Lecture 20: Algorithmic Analysis
We will learn how to calculate p-values first.
Calculating p-values using bootstrapping
Say we have two different distributions (lists of scalars). A big question is: what is the difference between the two distributions? We might try finding the difference in means. But there are obvious problems that come along if our sample size isn’t enough. For example, we may have samples from the same distribution that just happened to have different means. So we probe a little bit further.
Problem set up
Given two lists: e.g.: 1. \([1,2,3,4,4,1,2,3,4,5]\) 2. \([23,224,24,2,4,2,3]\)
These numbers were sampled from some distribution(s). The question is: did we get these samples by sampling from the same distribution or two different distributions? That is what the p-value aims to figure out.
Calculate the means:
- mean: \(2.9\).
- mean: \(40.285714285714\).
p-value asks: what is the probability that 1 and 2 means were drawn from the same distribution.
p-values are numbers, between \(\mathbf{0}\) and \(\mathbf{1}\), that, in this example, quantify how confident we should be that distribution \(\mathbf{1}\) was drawn from a different distribution than the one distribution \(\mathbf{2}\) was drawn from just based on the observed data and statistic s(mean in this specific example).
if \(p\) is close to 0, then we are more confident they are different.
- Watch this video for a more detailed explanation on the problem setup.

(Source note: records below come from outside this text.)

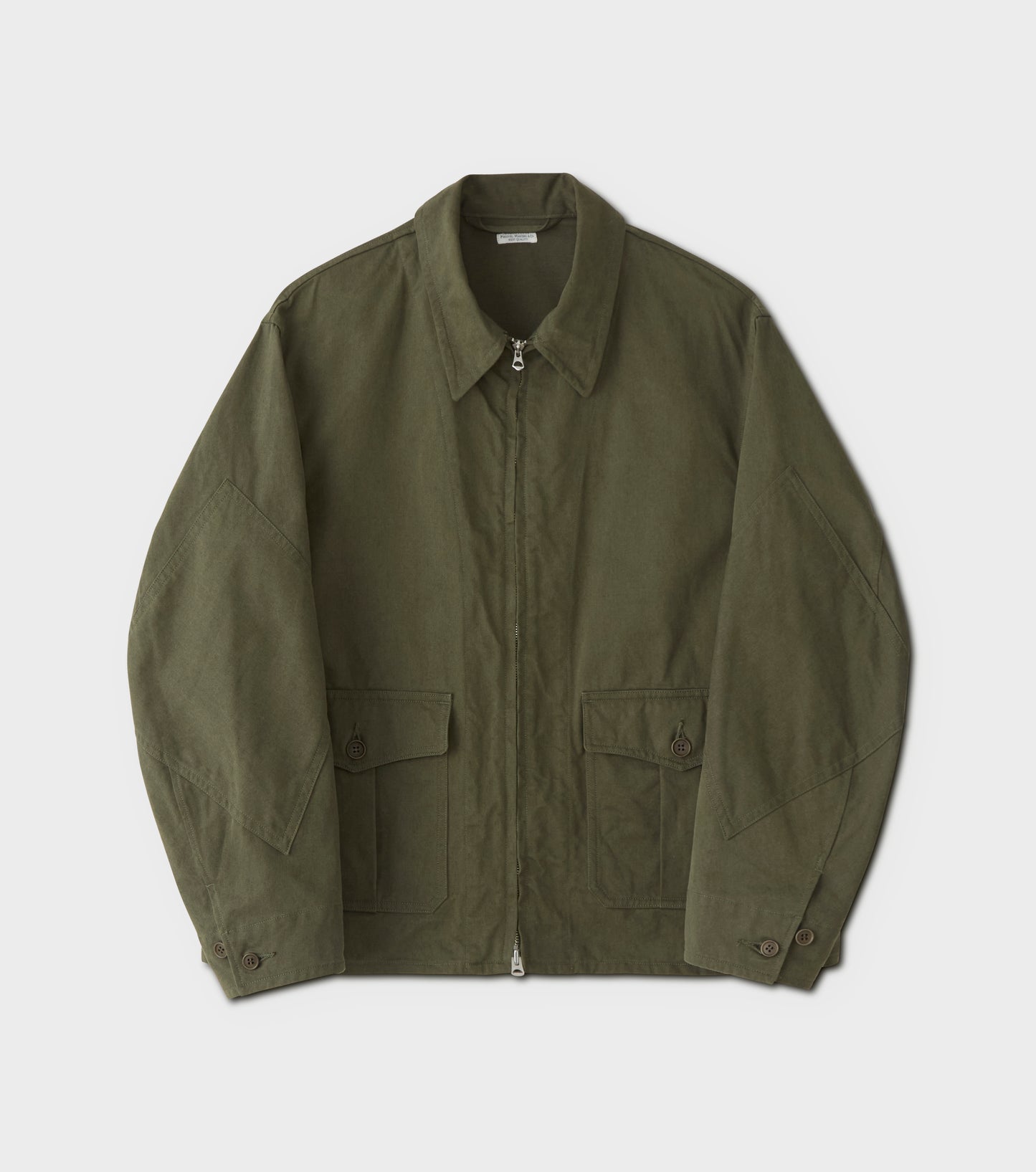 Chino Cloth Flight Jacket / Forest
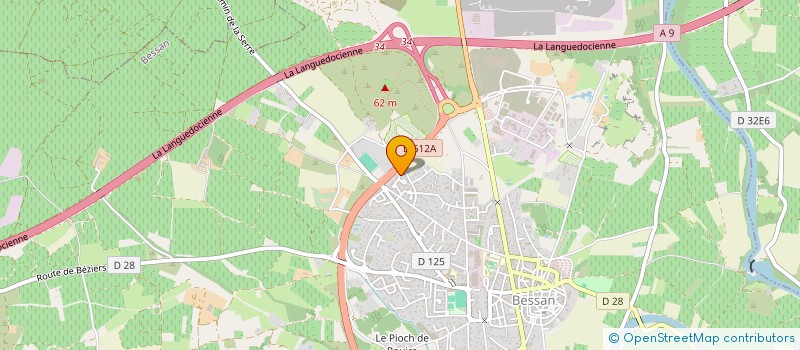 localisation de l'entreprise NP ELEC à BESSAN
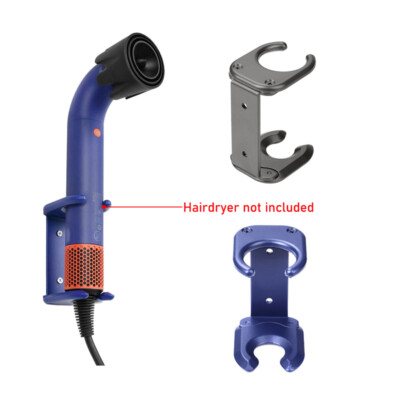 Wall Mount Holder Bracket Hair Dryer Organizer For Dyson HD17 /HD18 Hairdryer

So hiw to calculate? We can use bootstrapping!
Calculating p-values
We use bootstrapping here via repeated sampling.
First, take the two distributions and jot down the initial difference between the means (or whatever relevant statistic you are calculating). 1. Concatenate together the two sample lists to make one universal distribution, \(U\). 2. Iterate at least \(10,000\) times and at each iteration, sample from \(U\) (appropriate lengths) twice: one for group A and one for group B. 3. Say you want to calculate the difference in means (called effect size). Take abs(diff between means). Append this to a master list which gets all the effect sizes for the iterations. 4. Also, at each iteration, calculate whether the effect size between the current sample means is greater than the initial effect size. If so, add to a counter. 5. At the end, take the counter value and divide it by the total number of iterations. This is your p-value.
Algorithmic analysis
We now get into the heart of this lecture and the last topic in uncertainty theory. Recall that expectation is the weighted average of a rich random variable distribution. Also recall an important fact about expectation:
Expectation of sums is sum of expectations: \[E[X+Y]=E[X]+E[Y].\]
- Importantly, the above statement holds regardless of dependency between the components.